======== Task input ========

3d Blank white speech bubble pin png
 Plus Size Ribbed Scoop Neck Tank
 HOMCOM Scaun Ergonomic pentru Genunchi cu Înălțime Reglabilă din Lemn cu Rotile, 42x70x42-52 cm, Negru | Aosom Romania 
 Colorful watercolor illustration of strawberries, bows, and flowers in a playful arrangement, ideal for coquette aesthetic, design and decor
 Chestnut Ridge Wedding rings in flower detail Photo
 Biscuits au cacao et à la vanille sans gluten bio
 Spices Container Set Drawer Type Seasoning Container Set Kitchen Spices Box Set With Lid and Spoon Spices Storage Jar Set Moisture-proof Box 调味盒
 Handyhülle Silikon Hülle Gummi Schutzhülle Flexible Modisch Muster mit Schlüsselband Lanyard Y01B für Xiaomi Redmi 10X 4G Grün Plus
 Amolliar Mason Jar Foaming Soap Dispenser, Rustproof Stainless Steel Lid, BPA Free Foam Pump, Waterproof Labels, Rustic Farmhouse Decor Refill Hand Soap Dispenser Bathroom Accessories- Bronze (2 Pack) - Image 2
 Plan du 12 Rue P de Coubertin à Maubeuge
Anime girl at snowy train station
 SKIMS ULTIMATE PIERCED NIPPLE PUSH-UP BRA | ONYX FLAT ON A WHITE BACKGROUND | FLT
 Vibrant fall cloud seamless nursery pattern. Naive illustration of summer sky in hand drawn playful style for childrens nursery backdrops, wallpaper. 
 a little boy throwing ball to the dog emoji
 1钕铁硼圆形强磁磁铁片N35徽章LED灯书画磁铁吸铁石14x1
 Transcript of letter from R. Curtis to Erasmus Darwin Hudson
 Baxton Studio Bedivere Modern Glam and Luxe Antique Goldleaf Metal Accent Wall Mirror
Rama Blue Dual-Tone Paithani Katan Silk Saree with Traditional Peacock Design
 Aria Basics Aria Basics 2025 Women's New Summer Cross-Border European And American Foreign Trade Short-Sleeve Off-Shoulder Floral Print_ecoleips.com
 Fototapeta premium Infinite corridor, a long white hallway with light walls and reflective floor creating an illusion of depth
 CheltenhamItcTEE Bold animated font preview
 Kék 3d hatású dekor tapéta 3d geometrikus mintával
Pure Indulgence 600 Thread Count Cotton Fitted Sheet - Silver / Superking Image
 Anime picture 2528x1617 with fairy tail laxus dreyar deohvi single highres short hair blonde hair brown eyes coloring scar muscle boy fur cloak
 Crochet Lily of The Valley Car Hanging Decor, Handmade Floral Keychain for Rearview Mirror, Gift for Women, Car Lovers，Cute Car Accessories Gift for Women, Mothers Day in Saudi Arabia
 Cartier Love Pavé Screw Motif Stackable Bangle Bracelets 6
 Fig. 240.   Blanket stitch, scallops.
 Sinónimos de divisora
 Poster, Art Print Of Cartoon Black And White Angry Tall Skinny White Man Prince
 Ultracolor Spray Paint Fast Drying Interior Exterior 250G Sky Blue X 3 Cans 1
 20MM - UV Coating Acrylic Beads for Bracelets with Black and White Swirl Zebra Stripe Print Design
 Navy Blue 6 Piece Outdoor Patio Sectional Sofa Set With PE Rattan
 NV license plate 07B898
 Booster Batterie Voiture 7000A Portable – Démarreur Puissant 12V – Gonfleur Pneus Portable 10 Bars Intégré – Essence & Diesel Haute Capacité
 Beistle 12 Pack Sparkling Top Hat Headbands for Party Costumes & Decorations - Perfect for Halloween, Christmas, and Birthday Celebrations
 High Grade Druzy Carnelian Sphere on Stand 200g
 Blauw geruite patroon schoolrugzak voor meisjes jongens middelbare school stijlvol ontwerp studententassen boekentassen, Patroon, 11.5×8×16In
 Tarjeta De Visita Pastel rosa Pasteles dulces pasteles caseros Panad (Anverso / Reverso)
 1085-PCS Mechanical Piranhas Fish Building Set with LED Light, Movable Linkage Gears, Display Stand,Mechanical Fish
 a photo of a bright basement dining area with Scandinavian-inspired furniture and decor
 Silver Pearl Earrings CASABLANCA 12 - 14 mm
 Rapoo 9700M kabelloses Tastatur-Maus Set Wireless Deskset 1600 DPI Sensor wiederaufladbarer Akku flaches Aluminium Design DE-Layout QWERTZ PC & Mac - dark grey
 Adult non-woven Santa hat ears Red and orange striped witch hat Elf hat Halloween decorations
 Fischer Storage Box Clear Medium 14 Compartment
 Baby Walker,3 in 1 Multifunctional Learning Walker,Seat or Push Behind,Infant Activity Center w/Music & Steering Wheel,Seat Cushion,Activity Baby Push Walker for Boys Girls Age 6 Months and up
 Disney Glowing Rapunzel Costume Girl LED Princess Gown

========

● **Your objective**
Your task is to find each line in the entries that contains the string "illustration" and copy it.

● **Task output**
 Colorful watercolor illustration of strawberries, bows, and flowers in a playful arrangement, ideal for coquette aesthetic, design and decor
 Vibrant fall cloud seamless nursery pattern. Naive illustration of summer sky in hand drawn playful style for childrens nursery backdrops, wallpaper. 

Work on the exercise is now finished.